> Prompt: Taking only the lines of the data below from the line with "Датчик давления топлива Bosch 0281006158" to the line with "Forbina Forbina 10000", ends included, write them out exactly and without pictures.

> Available data:

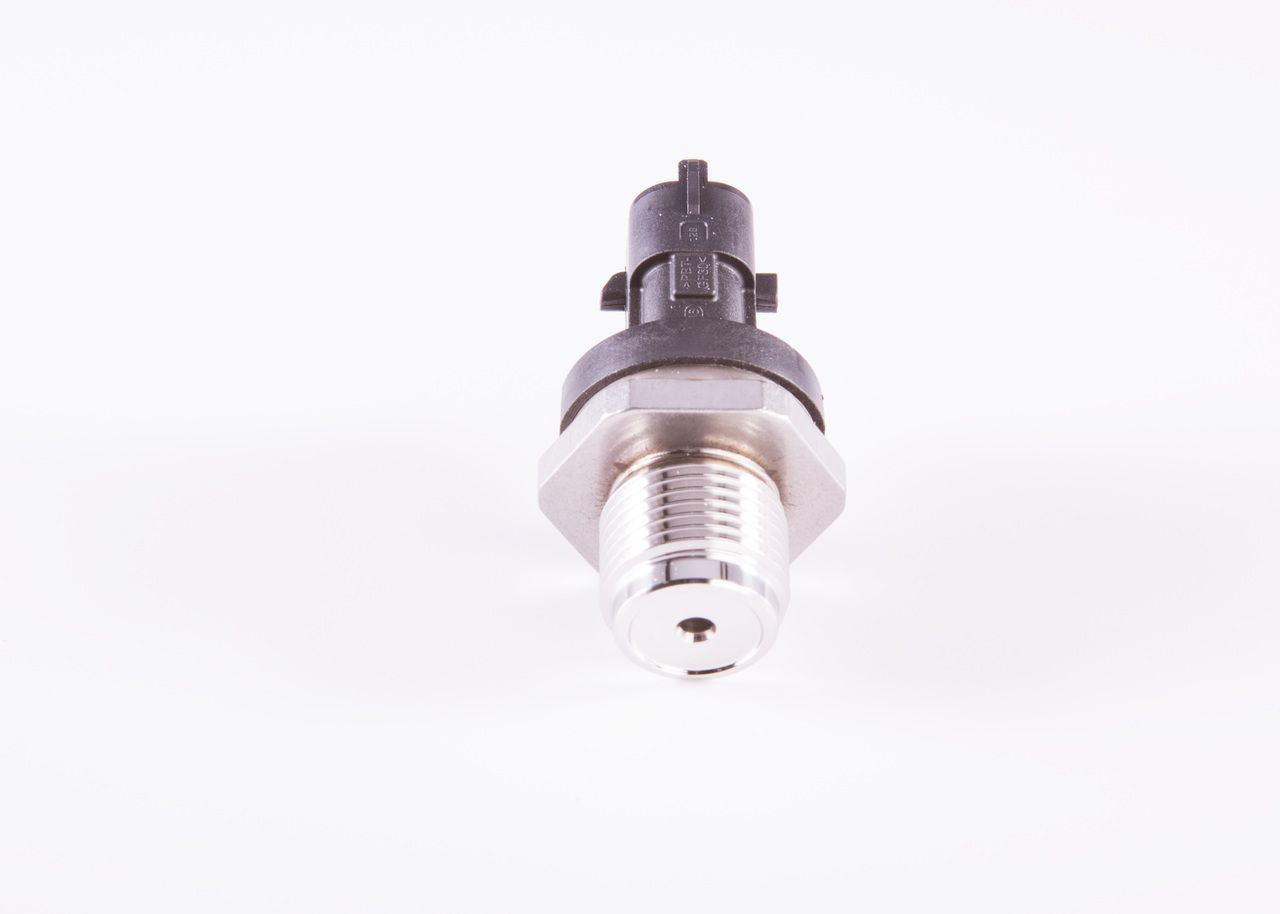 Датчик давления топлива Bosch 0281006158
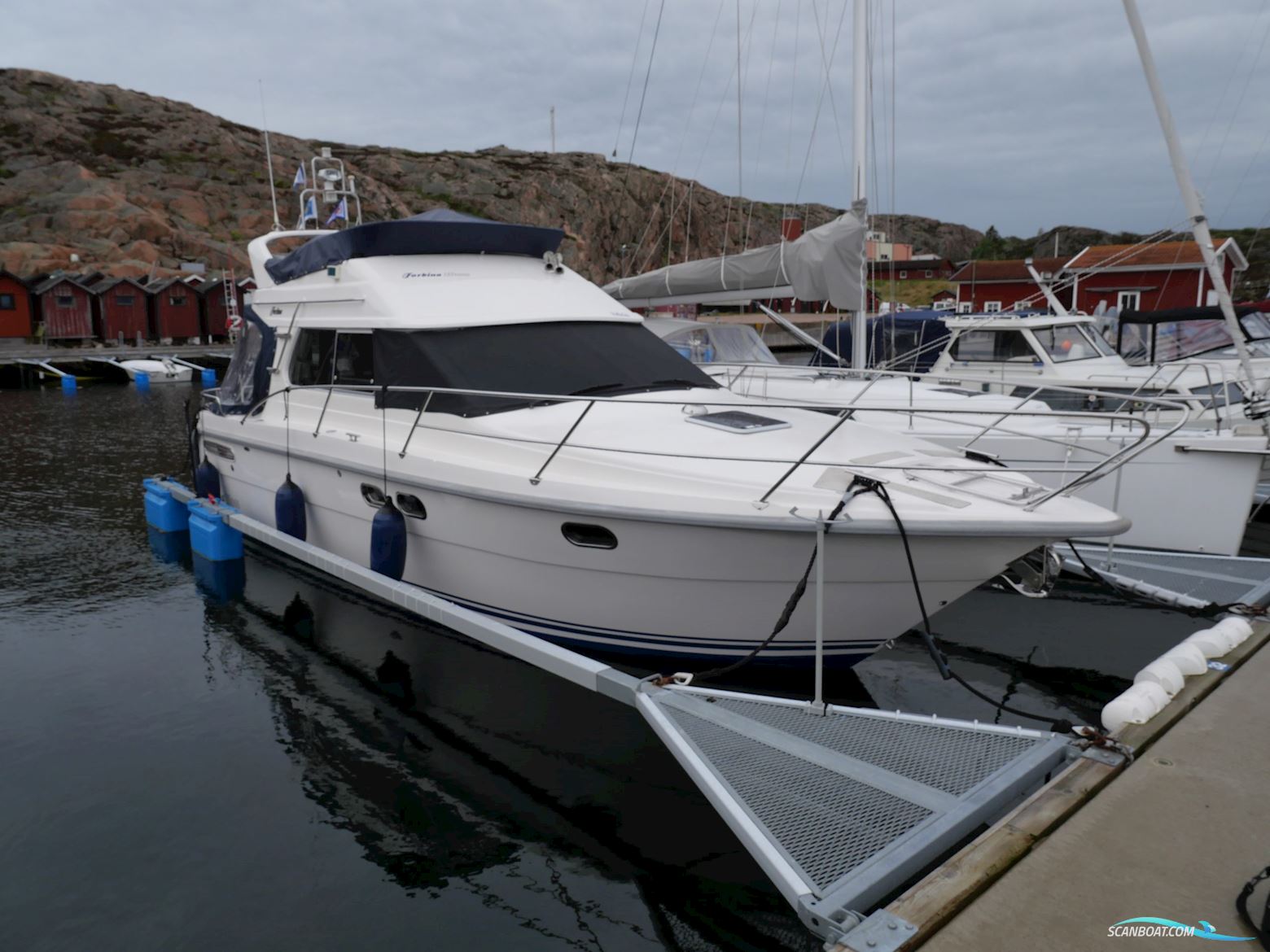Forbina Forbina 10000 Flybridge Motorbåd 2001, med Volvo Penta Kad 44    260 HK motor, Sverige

==

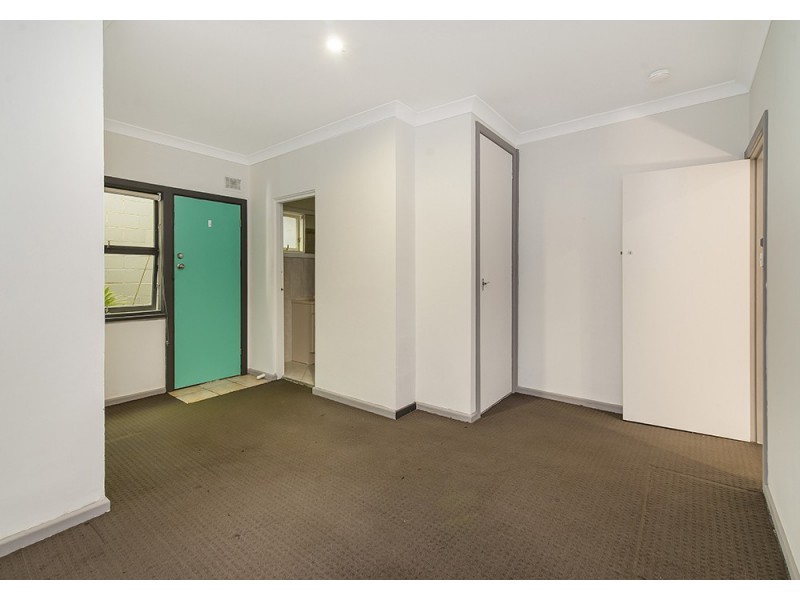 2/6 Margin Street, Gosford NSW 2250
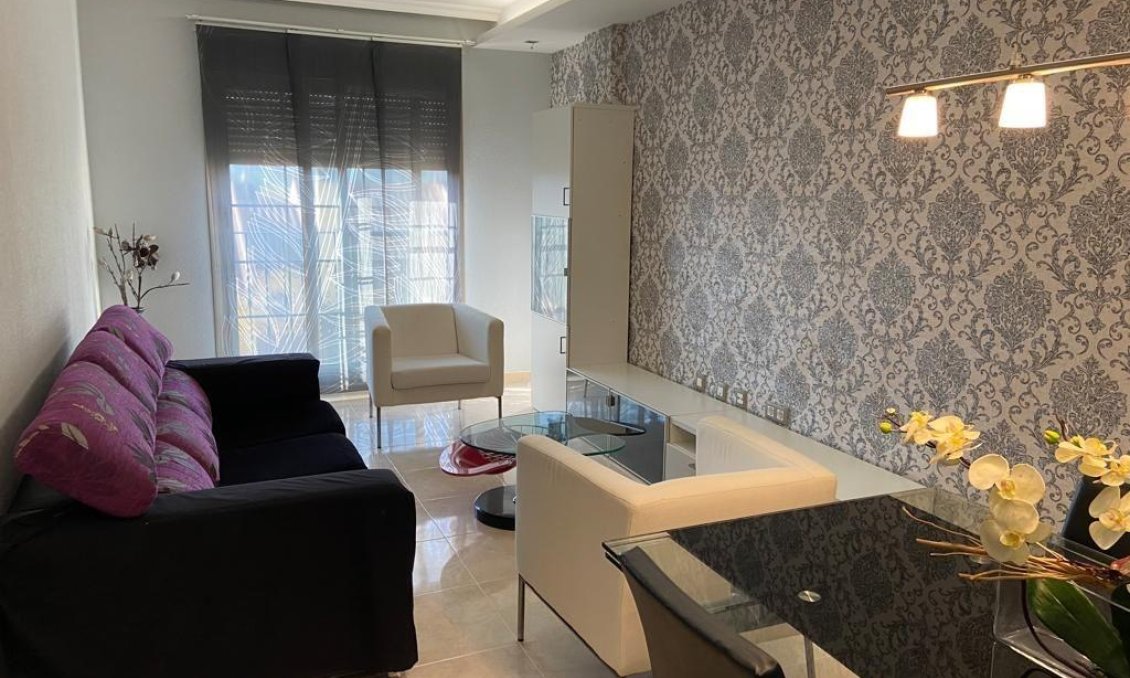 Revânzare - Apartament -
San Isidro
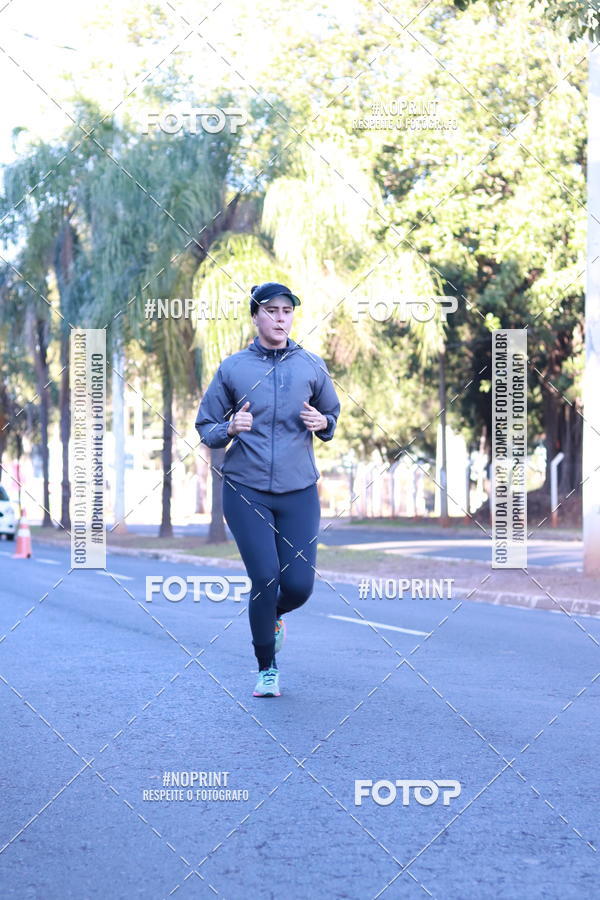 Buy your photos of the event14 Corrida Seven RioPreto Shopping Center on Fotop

> Solution for this problem:
 Датчик давления топлива Bosch 0281006158
Forbina Forbina 10000 Flybridge Motorbåd 2001, med Volvo Penta Kad 44    260 HK motor, Sverige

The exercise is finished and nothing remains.